The answer in this question defined how to calculate the probability of rotational cryptanalysis on modulo multiplication $\odot$. This paper defined an algebraic equation of how to calculate the rotational probability of modular addition $\boxplus$ which is
$$ \textbf{P}(\overrightarrow{X\boxplus Y} = \overrightarrow{X}\boxplus\overrightarrow{Y}) = \frac{1}{4}(1+2^{-r} + 2^{r-n}+ 2^{-n}) $$ where $r$ is rotational value and smaller than modular value $n$
and experimental results of 8-bit ($n$) addition shows similar values of
$$ \begin{array}{c|c} r & f \\ \hline 0 & 65536 \\ 1 & 24768 \\ 2 & 20800 \\ 3 & 19008 \\ 4 & 18496 \\ 5 & 19008 \\ 6 & 20800 \\ 7 & 24768 \\ \end{array} $$
where f is the frequency of $ \overrightarrow{X\boxplus Y} = \overrightarrow{X}\boxplus\overrightarrow{Y} $ for each $r$ . the probability of 1 bit rotation is $\frac{24768}{65536}$ is around $.378$ (nearly same as in the table in ). the other thing is you find reflection of frequency values , 1 bit rotation is equal to 7 bit rotation (2 and 6 so on). The following figure shows a flipped bell distribution of rotational modulo addition.
The next step
I conducted the same experiment (8 bit size) but with the following equation (double rotation).

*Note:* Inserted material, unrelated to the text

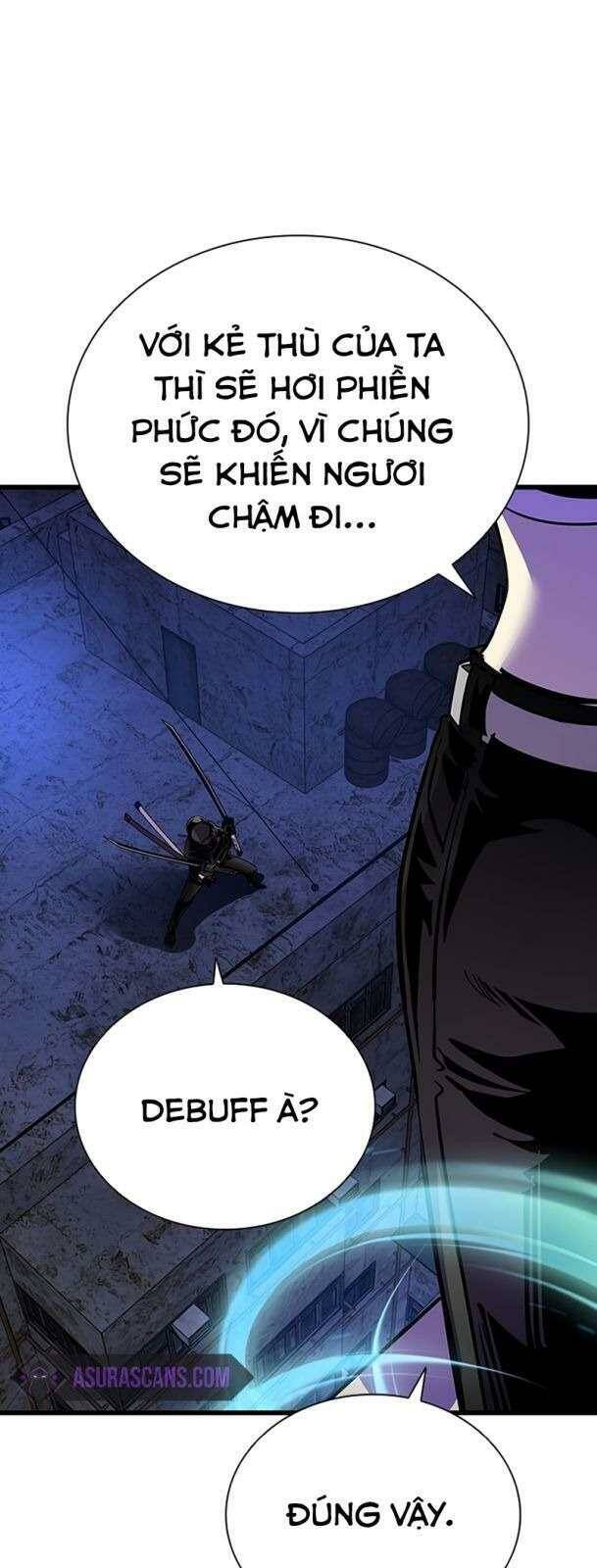 Tiêu Diệt Ác Nhân Chapter 98 - Trang 2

$$ \overrightarrow{X} \odot \overrightarrow{Y} = \overrightarrow{\overrightarrow{(X\odot Y)}} $$ the following table shows the frequency:
$$ \begin{array}{c|c} r & f \\ \hline 0 & 65536 \\ 1 & 4730 \\ 2 & 1082 \\ 3 & 904 \\ 4 & 1664 \\ 5 & 904 \\ 6 & 1082 \\ 7 & 4730 \\ \end{array} $$
from the table and figure, i see there is a reflection of frequency values (suggesting a similar equation of rotational cryptanalysis probability is applied as following:
$$ \textbf{P}(\overrightarrow{X} \odot \overrightarrow{Y} = \overrightarrow{\overrightarrow{(X\odot Y)}}) = \frac{1}{t}(1+2^{-e_0} + 2^{e_0-e_1}+ 2^{-e_1}) $$
Question
if my guess is right , how to calculate the $t , e_0 , e_1$ values?
NOTE Iam happy to share the source code in the question.